Re: PostgreSQL processes use large amount of private memory on Windows - Mailing list pgsql-general

From Peter J. Holzer
Subject Re: PostgreSQL processes use large amount of private memory on Windows
Date
Msg-id 20200917172659.GA417@hjp.at
Whole thread Raw
In response to PostgreSQL processes use large amount of private memory on Windows  (Øystein Kolsrud <kolsrud@gmail.com>)
Responses Re: PostgreSQL processes use large amount of private memory on Windows  (Øystein Kolsrud <kolsrud@gmail.com>)
List pgsql-general
On 2020-09-17 11:19:07 +0200, Øystein Kolsrud wrote:
> I have a product that uses PostgreSQL (v9.6) as database on Windows, and we
> often observe that the "shared working set" memory reported for the individual
> connection processes is quite high (around 200MB), but the "private working
> set" is relatively low (around 5 MB). I assume this is due to the processes
> utilizing the shared buffers of Postgres, and in these cases everything works
> fine as the total memory consumption on the system is quite low. But for some
> deployments we have observed that the "private working set" is around 200 MB as
> well, and in these cases the server quickly runs out of memory when the number
> of connections rises. I have never been able to reproduce this behavior myself.
[...]
> All settings typically referred to (like "work_mem" and "temp_buffers") are at
> default settings, and I have a very hard time seeing how those settings could
> add up to memory in the magnitude of 200MB.
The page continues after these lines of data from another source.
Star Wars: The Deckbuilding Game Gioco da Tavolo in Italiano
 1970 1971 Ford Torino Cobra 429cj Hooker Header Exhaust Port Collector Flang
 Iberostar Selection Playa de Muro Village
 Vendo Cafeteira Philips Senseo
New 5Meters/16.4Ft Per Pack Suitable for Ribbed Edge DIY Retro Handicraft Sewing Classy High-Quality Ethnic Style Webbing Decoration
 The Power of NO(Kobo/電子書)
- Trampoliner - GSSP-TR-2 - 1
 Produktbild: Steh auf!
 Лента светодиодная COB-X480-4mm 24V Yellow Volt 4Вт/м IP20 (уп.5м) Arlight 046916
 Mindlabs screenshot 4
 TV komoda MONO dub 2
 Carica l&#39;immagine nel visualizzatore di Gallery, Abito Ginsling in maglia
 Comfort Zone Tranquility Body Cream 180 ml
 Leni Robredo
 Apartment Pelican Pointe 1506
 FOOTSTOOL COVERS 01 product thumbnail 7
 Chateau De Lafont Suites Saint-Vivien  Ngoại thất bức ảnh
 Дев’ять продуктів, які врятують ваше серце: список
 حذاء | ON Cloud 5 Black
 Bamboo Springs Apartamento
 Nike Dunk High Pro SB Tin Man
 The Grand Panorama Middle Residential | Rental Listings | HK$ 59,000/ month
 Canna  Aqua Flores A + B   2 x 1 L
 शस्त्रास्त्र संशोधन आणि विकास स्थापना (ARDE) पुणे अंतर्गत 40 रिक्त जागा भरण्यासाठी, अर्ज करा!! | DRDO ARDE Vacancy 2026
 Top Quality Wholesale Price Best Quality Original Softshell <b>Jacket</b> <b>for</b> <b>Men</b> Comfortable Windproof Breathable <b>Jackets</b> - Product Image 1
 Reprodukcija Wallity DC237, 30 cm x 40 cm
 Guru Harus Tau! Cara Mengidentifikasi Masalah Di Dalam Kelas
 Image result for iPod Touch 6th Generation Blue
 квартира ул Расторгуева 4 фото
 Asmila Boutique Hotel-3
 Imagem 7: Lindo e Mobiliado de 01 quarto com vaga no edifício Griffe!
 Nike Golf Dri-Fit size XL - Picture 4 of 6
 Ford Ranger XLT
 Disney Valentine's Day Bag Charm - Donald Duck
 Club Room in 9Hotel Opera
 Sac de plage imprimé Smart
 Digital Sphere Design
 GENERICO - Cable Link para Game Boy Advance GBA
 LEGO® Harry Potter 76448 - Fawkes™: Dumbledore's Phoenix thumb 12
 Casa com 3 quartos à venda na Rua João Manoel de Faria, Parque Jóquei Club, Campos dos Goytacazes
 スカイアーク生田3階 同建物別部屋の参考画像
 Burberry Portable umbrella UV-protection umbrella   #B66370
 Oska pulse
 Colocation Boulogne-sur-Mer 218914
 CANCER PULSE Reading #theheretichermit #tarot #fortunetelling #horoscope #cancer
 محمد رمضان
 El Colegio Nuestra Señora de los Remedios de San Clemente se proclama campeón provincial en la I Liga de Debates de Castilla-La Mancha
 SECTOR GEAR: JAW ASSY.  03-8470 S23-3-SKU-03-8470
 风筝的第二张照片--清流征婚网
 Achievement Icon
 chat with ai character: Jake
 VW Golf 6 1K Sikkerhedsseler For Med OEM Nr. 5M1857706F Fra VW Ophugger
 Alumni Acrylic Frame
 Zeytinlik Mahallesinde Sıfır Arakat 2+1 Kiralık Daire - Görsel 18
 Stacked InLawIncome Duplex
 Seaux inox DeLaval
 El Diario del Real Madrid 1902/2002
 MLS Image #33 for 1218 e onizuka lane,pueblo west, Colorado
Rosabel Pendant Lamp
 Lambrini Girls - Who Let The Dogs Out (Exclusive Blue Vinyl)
The work_mem setting is per operation (e.g. sort, hash join, etc.), so a
complex query may use a multiple of it. However, the default is just 4 MB,
so a query would have to be very complex to use 50 times as much. Also,
that memory is freed after the query (however "freed" does not
necessarily mean "returned to the OS", it can just mean "marked as
availiable for reuse" - that depends on the C library and the OS).

What I would do:

* Set log_statement to all (warning: that can be a lot of log messages.
  It can also be a privacy/security hazard, depending on who has access
  to the server and how sensitive queries are).
* Frequently (at least once per minute) record the size of all postgres
  processes. Send an alert if one of them is "too large".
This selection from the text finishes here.